#!/usr/bin/env python
# coding: utf-8

# # Chapter 1: DataFrames - A view into your structured data

# In[1]:


pip install pyspark


# In[2]:


from pyspark.sql import SparkSession

spark = SparkSession \
    .builder \
    .appName("Python Spark SQL basic example") \
    .config("spark.some.config.option", "some-value") \
    .getOrCreate()


# This section introduces the most fundamental data structure in PySpark: the DataFrame.
# 
# A DataFrame is a two-dimensional labeled data structure with columns 
# of potentially different types. You can think of a DataFrame like a spreadsheet, a SQL table, or a dictionary of series objects. 
# Apache Spark DataFrames support a rich set of APIs (select columns, filter, join, aggregate, etc.) 
# that allow you to solve common data analysis problems efficiently.
# 
# Compared to traditional relational databases, Spark DataFrames offer several key advantages for big data processing and analytics:
# 
# - **Distributed computing**: Spark distributes data across multiple nodes in a cluster, allowing for parallel processing of big data
# - **In-memory processing**: Spark performs computations in memory, which can be significantly faster than disk-based processing
# - **Schema flexibility**: Unlike traditional databases, PySpark DataFrames support schema evolution and dynamic typing.
# - **Fault tolerance**: PySpark DataFrames are built on top of Resilient Distributed Dataset (RDDs), which are inherently fault-tolerant. 
# Spark automatically handles node failures and data replication, ensuring data reliability and integrity.
# 
# A note on RDDs: 
# Direct use of RDDs are no longer supported on Spark Connect as of Spark 4.0.
# Interacting directly with Spark DataFrames uses a unified planning and optimization engine, 
# allowing us to get nearly identical performance across all supported languages on Databricks (Python, SQL, Scala, and R).

# ## Create a DataFrame
# 
# There are several ways to create a DataFrame in PySpark.

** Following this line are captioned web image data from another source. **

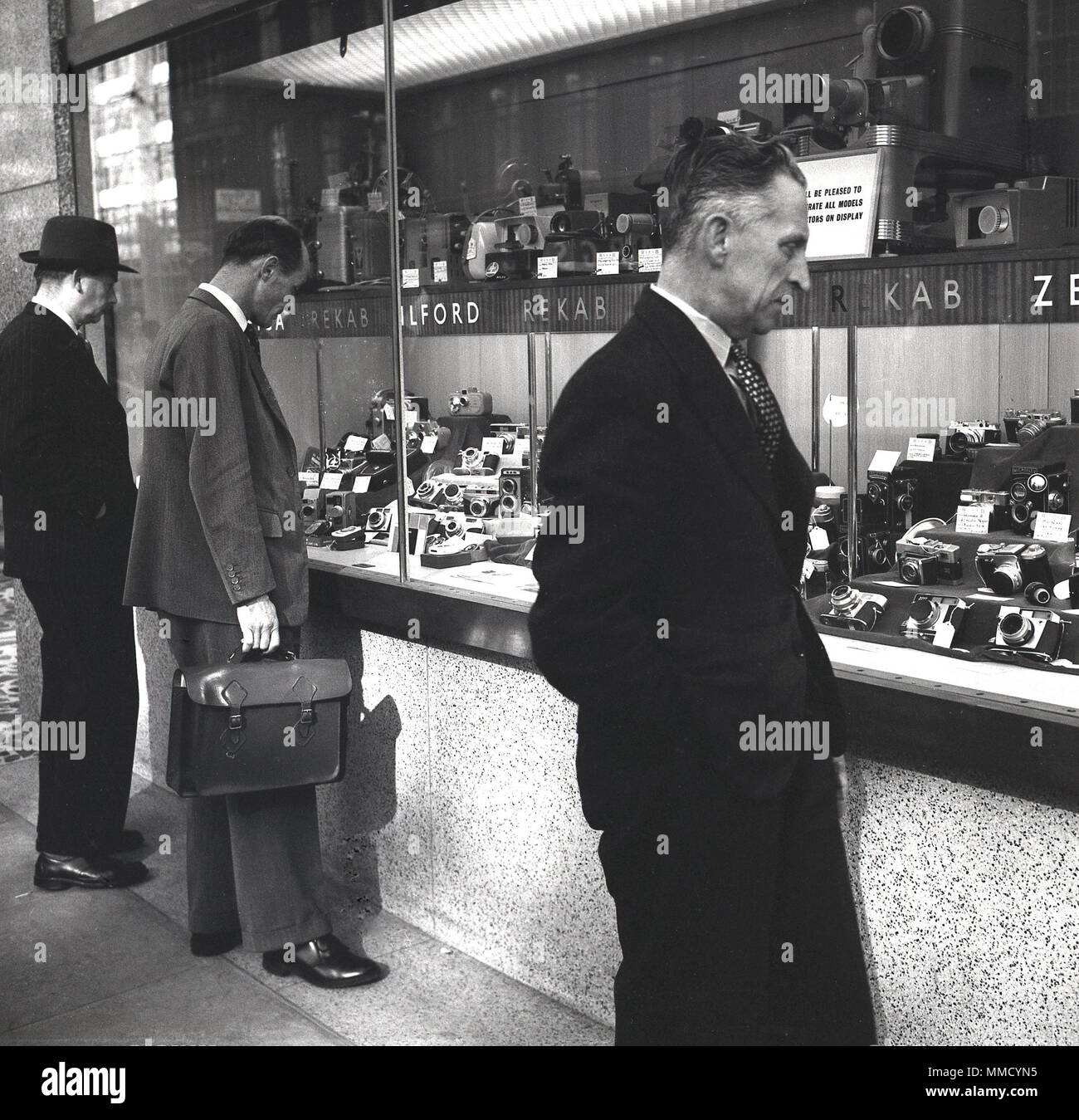 1960s, London, businessmen looking at the large range of photographic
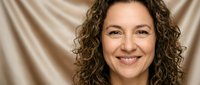 Smiling middle-aged Caucasian woman with curly brown hair against beige fabric background. Professional headshot for business, healthcare, or lifestyle content.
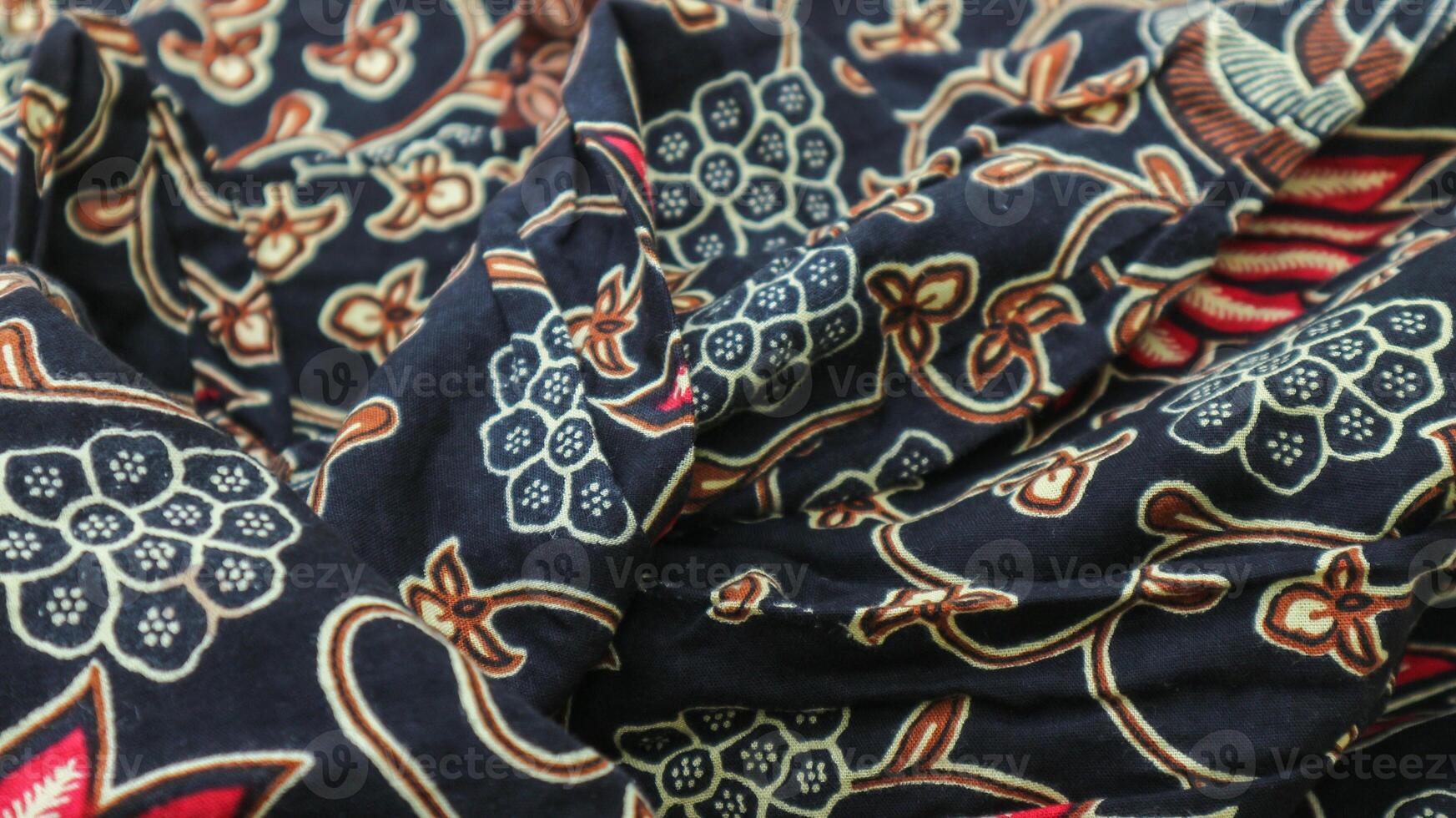 A traditional Indonesian fabric, namely batik cloth which has unique and different patterns and image motifs for each region. Cultural theme photos, typical of Asia. photo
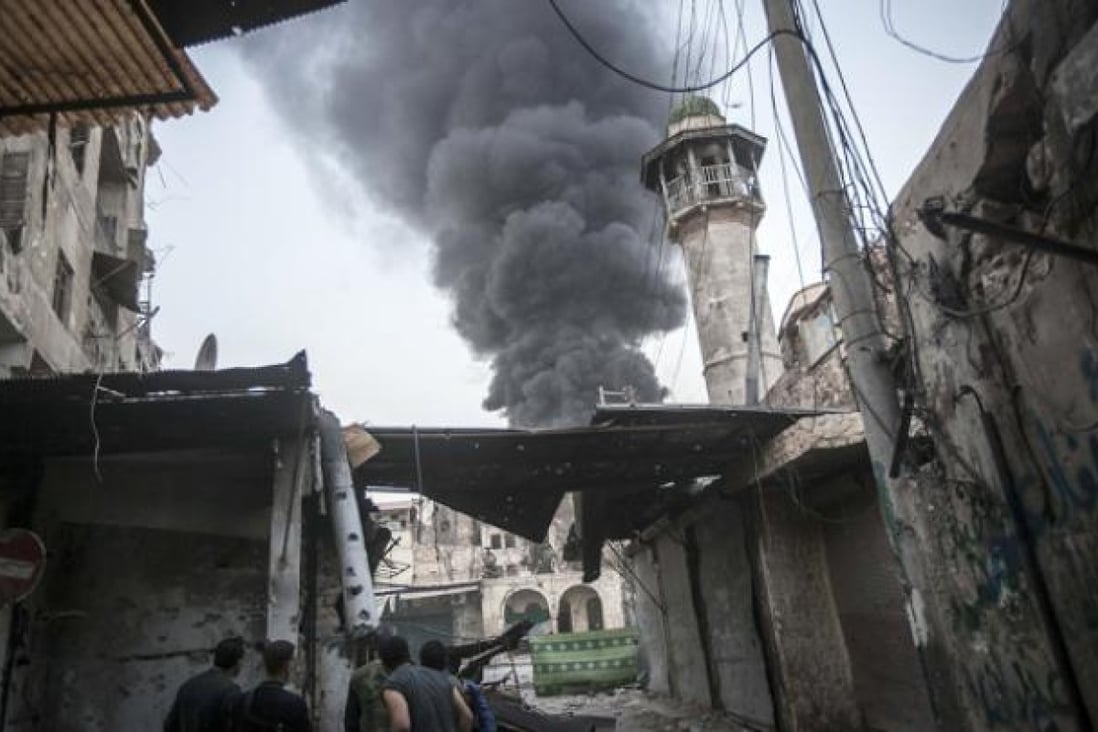 Rebel fighters watch as smoke rises after Syrian government forces fired an artillery round at a rebel position during heavy clashes in Aleppo on Sunday. Photo: AP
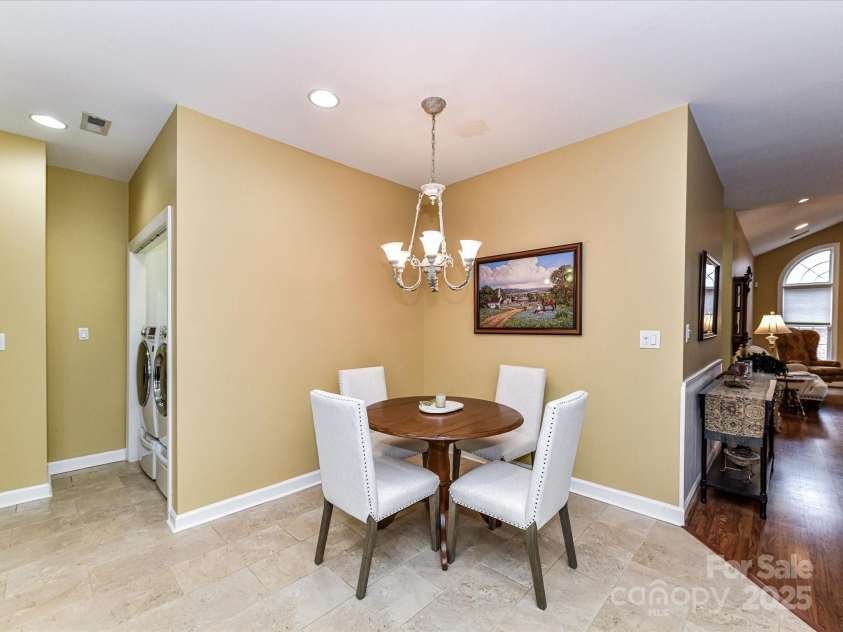 11406 Olde Turnbury Court, Charlotte, NC 28277.  MLS# CAR4233679, YatesRealty ID 5369. Lovely Breakfast/Dining area under the chandelier.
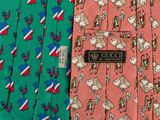 three different colored ties with different designs on them on a table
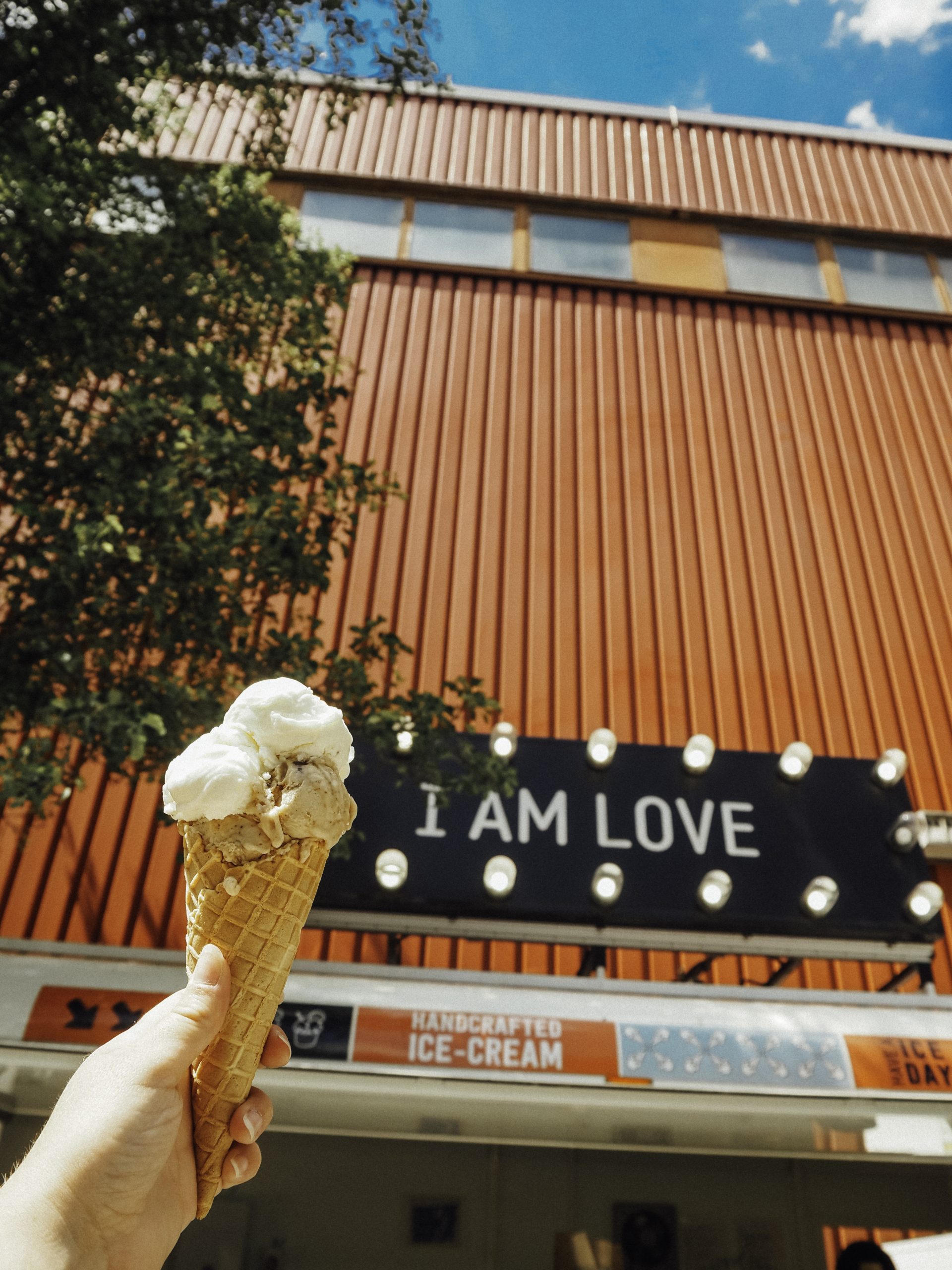 Eine Hand hält eine Eiswaffel mit zwei Kugeln vor einem roten Gebäude. Auf dem Gebäude befindet sich ein Schild mit der Aufschrift I AM LOVE in Leuchtbuchstaben, im Hintergrund sind Bäume und blauer Himmel zu sehen.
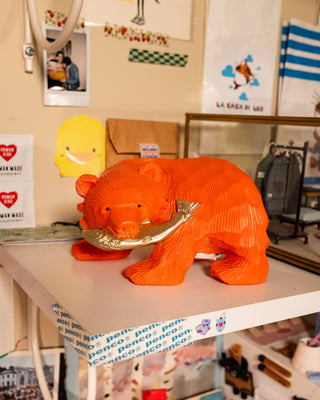 Orange bear coin bank with fish in its mouth on a shelf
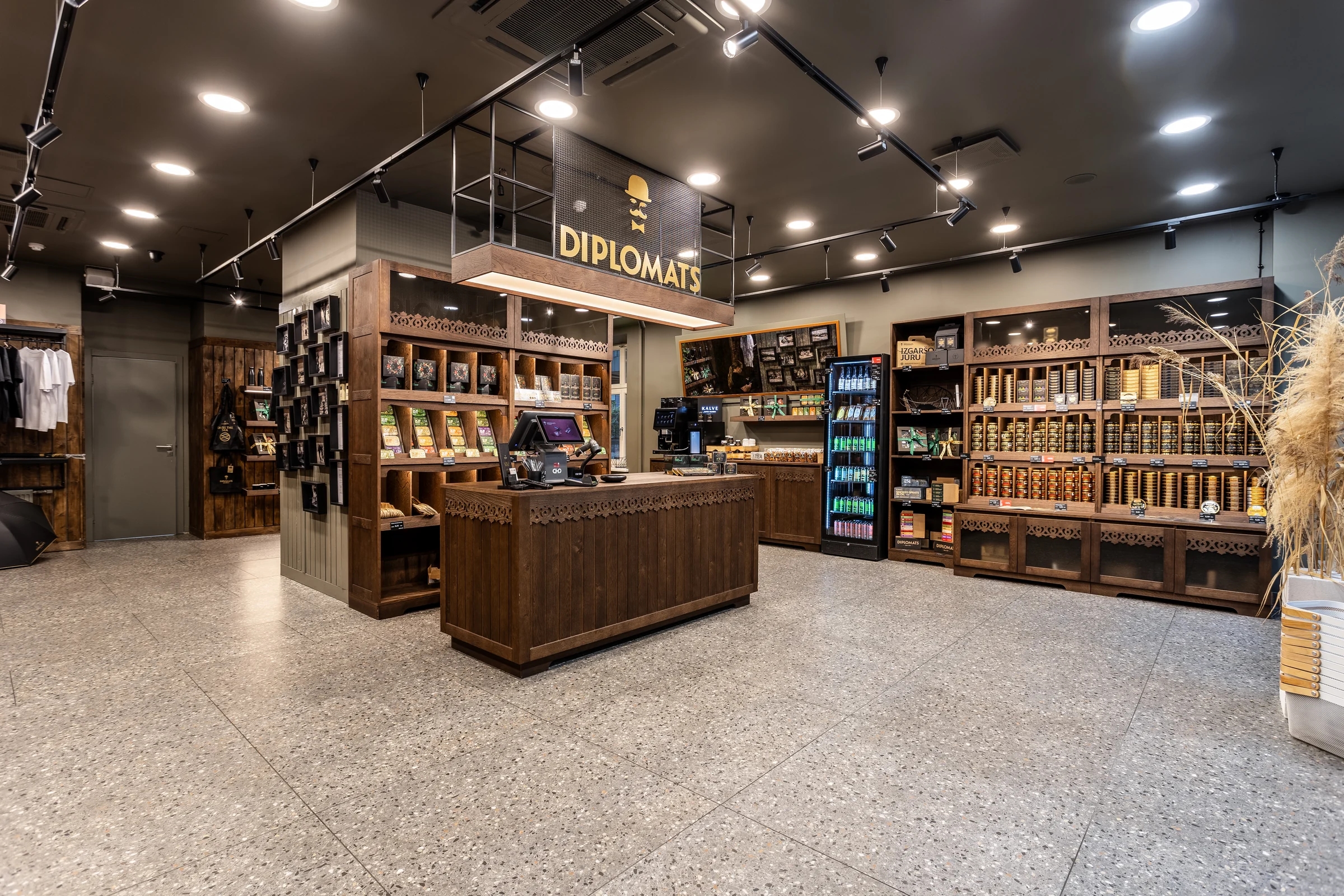 Wide view of the Diplomats Riga store interior and branded product displays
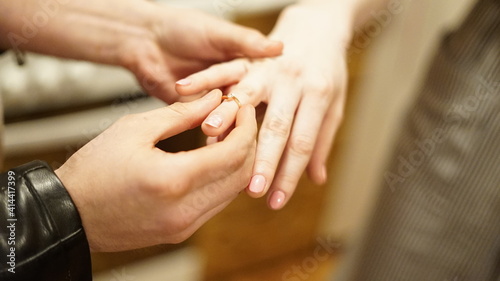 hands of the groom and bride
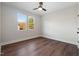 Well-lit bedroom with hardwood floors and two large windows offering scenic views at Lot 4 Harding St, Efland, NC 27243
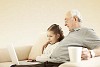 Girl with her grandpa sitting on the sofa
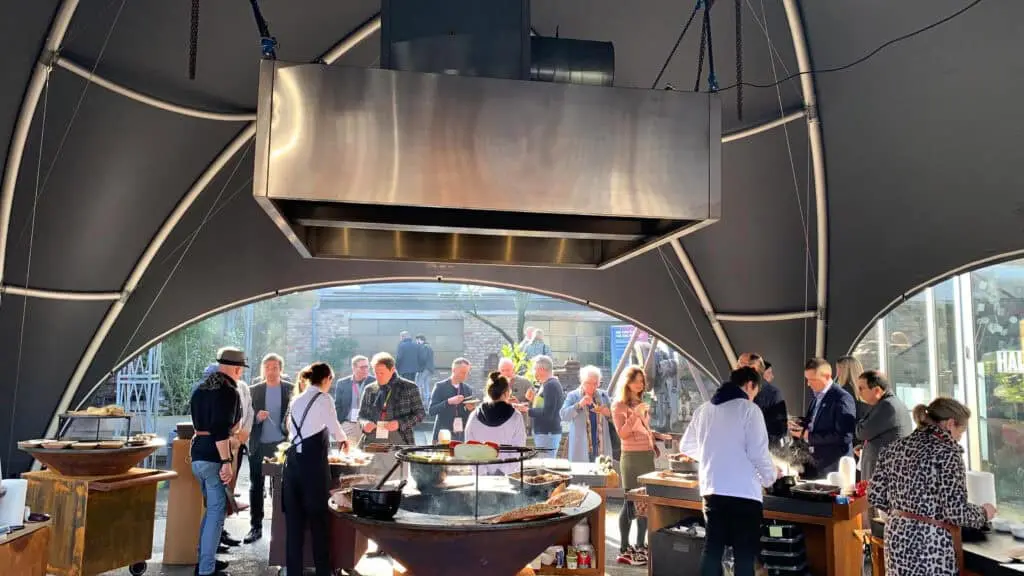 Vibrant outdoor hospitality event with guests enjoying fresh food and drinks under a modern tent structure.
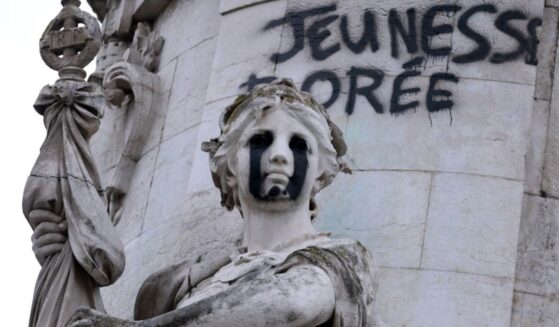 This photograph shows the "Egalite" statue with black tears and a graffiti reading "Golden Youth" in the "Monument a la Republique" at the Place de la Republique in Paris on Oct. 21, 2026.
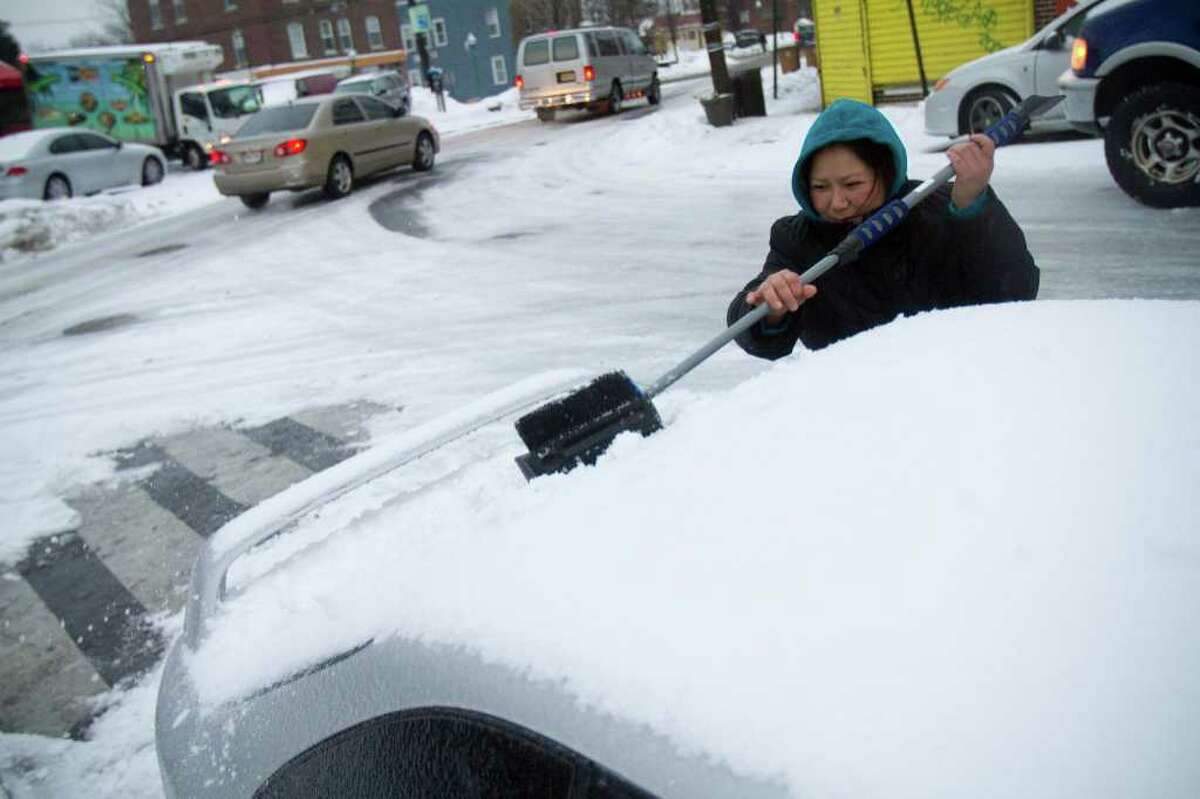 Maura Castro sweeps snow off of her car during a snow and ice storm in Stamford, Conn. on Tuesday, Jan. 18, 2011.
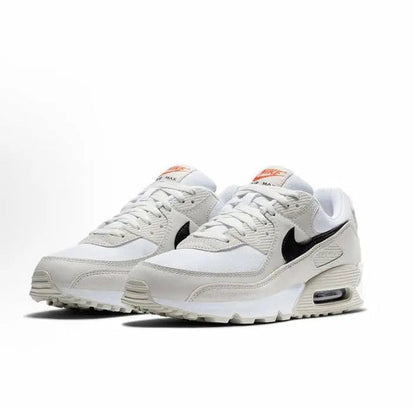 Nike Air Max 90 sneakers, side view in white/beige with black swoosh and orange heel tabs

# ### From a list of dictionaries
# 
# The simplest way is to use the createDataFrame() method like so:

# In[3]:


employees = [{"name": "John D.", "age": 30},
  {"name": "Alice G.", "age": 25},
  {"name": "Bob T.", "age": 35},
  {"name": "Eve A.", "age": 28}]

# Create a DataFrame containing the employees data
df = spark.createDataFrame(employees)
df.show()


# ### From a local file
# 
# We can also create a DataFrame from a local CSV file:

# In[4]:


df = spark.read.csv("../data/employees.csv", header=True, inferSchema=True)
df.show()


# Or from a local JSON file:

# In[5]:


df = spark.read.option("multiline","true").json("../data/employees.json")
df.show()


# ### From an existing DataFrame
# 
# We can even create a DataFrame from another existing DataFrame, by selecting certain columns:

# In[6]:


employees = [
  {"name": "John D.", "age": 30, "department": "HR"},
  {"name": "Alice G.", "age": 25, "department": "Finance"},
  {"name": "Bob T.", "age": 35, "department": "IT"},
  {"name": "Eve A.", "age": 28, "department": "Marketing"}
]
df = spark.createDataFrame(employees)

# Select only the name and age columns
new_df = df.select("name", "age")


# ### From a table
# 
# If you have an existing table `table_name` in your Spark environment, you can create a DataFrame like this:

# In[7]:


df = spark.read.table("table_name")


# ### From a database
# 
# If your table is in a database, you can use JDBC to read the table into a DataFrame.
# 

# In[9]:


url = "jdbc:mysql://localhost:3306/mydatabase"
table = "employees"
properties = {
  "user": "username",
  "password": "password"
}

# Read table into DataFrame
df = spark.read.jdbc(url=url, table=table, properties=properties)


# ## View the DataFrame
# 
# We can use PySpark to view and interact with our DataFrame.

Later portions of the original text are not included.